* [COLLECTED MATERIAL]
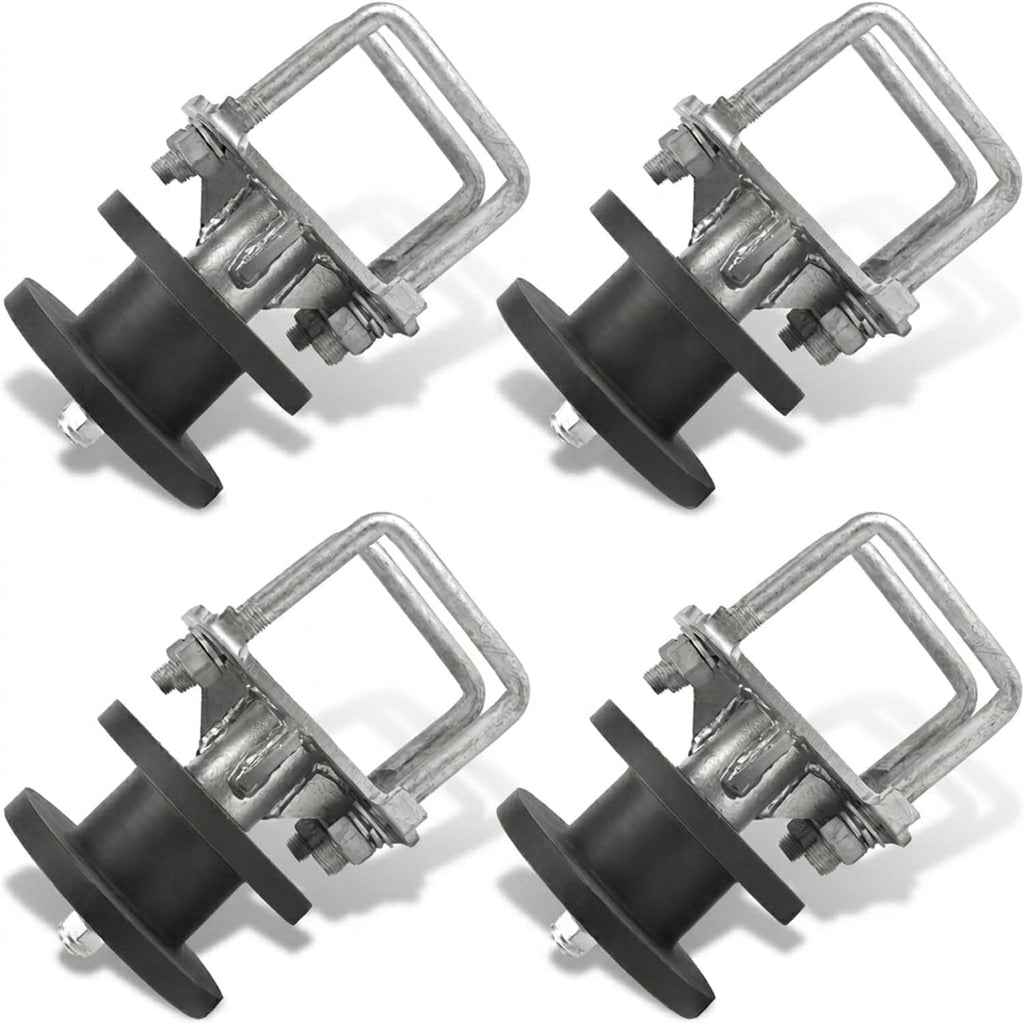 Cantilever Sliding Gates, Nylon Sliding Gate Rollers, Rolling Cantilever for 4' Square Post x 2' Chain Link Fence Gate Frame, Pack of 4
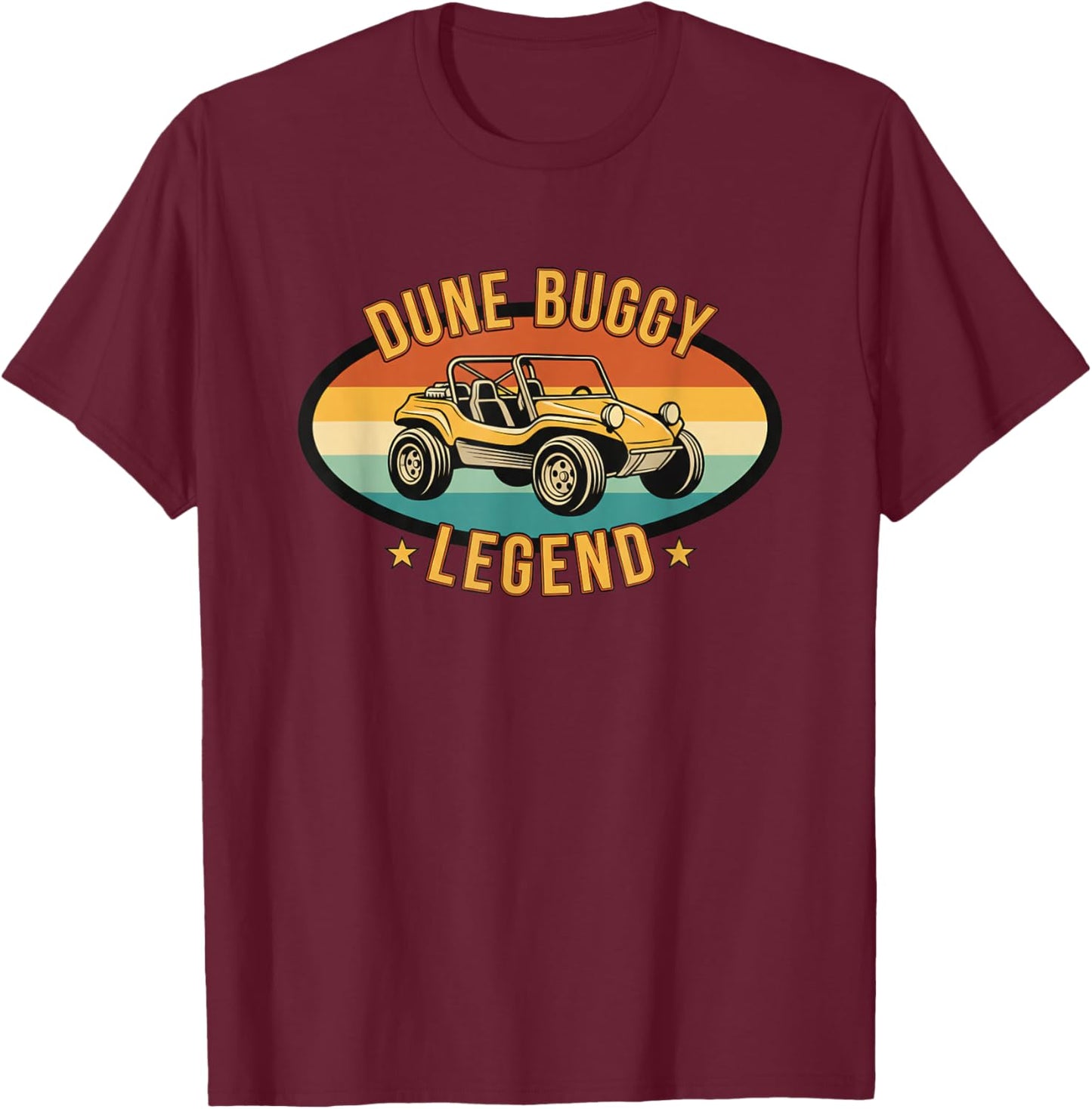 Car Dune Buggy Legend Retro Beach Dune Buggy T-Shirt - T-Shirt | Maroon
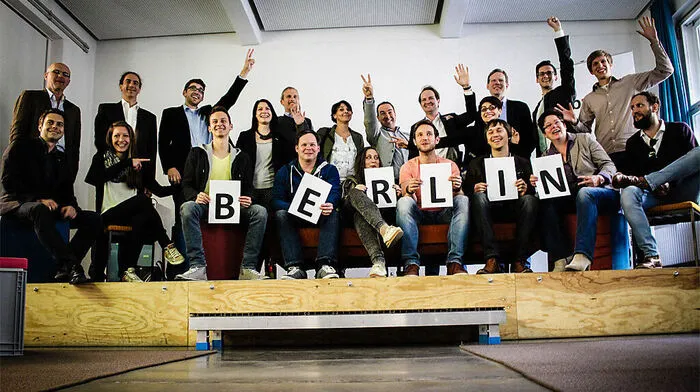 Ein Teil der Kärntner Start-ups im „Hubraum“ der Telekom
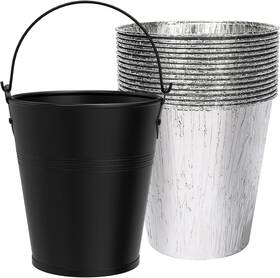 Qulimetal 445043050071 Drip Bucket And 15-pack Disposable Foil Liners For Oklahoma Joes Tra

* [EXERCISE REQUIREMENTS]
Lines from the one that contains "Ein Teil der" through the last line of the data above are to be extracted exactly, with no pictures and no other lines.

* [RESPONSE TO THE TASK]
 Ein Teil der Kärntner Start-ups im „Hubraum“ der Telekom
 Qulimetal 445043050071 Drip Bucket And 15-pack Disposable Foil Liners For Oklahoma Joes Tra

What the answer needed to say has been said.